Records from a data collection:
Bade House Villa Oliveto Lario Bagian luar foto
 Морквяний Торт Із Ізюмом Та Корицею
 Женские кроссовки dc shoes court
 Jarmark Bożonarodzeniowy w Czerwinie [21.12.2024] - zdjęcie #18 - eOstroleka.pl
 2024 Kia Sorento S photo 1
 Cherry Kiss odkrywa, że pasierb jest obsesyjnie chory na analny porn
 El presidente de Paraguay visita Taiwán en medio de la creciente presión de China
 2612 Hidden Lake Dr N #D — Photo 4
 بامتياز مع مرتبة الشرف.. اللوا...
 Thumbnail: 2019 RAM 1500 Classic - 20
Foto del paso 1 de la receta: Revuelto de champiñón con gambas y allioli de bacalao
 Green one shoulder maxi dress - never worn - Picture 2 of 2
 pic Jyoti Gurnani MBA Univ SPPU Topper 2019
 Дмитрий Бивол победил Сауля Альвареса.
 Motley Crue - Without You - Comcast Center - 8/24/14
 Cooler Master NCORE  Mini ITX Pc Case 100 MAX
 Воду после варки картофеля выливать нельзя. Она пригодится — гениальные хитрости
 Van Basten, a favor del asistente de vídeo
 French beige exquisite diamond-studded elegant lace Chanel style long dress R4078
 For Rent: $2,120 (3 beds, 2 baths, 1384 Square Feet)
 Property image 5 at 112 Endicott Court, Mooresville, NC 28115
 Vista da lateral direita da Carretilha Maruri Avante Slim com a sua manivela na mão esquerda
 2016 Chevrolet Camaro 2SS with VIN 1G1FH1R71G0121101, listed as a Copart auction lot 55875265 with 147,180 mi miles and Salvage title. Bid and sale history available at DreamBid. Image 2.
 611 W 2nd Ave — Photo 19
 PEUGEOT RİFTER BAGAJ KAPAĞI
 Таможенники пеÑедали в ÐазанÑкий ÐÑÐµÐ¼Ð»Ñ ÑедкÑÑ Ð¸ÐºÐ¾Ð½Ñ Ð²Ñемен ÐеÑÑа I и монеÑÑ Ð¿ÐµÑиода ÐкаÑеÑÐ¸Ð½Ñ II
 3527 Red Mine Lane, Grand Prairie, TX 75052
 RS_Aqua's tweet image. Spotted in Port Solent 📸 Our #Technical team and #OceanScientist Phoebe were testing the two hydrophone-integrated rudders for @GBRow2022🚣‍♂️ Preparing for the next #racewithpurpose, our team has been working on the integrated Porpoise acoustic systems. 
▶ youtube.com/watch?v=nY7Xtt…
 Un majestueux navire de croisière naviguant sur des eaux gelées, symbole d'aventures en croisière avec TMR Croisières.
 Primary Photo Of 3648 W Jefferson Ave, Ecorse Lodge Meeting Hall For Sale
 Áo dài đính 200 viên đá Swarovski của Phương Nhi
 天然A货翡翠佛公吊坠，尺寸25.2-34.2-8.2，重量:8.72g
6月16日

▶ **Exercise requirements**
Please give back, exactly as it stands above, the stretch from the line with "Cherry Kiss odkrywa, że" through the line with "Van Basten, a favor del asistente de vídeo", and no line outside it.

▶ **Problem solution**
 Cherry Kiss odkrywa, że pasierb jest obsesyjnie chory na analny porn
 El presidente de Paraguay visita Taiwán en medio de la creciente presión de China
 2612 Hidden Lake Dr N #D — Photo 4
 بامتياز مع مرتبة الشرف.. اللوا...
 Thumbnail: 2019 RAM 1500 Classic - 20
Foto del paso 1 de la receta: Revuelto de champiñón con gambas y allioli de bacalao
 Green one shoulder maxi dress - never worn - Picture 2 of 2
 pic Jyoti Gurnani MBA Univ SPPU Topper 2019
 Дмитрий Бивол победил Сауля Альвареса.
 Motley Crue - Without You - Comcast Center - 8/24/14
 Cooler Master NCORE  Mini ITX Pc Case 100 MAX
 Воду после варки картофеля выливать нельзя. Она пригодится — гениальные хитрости
 Van Basten, a favor del asistente de vídeo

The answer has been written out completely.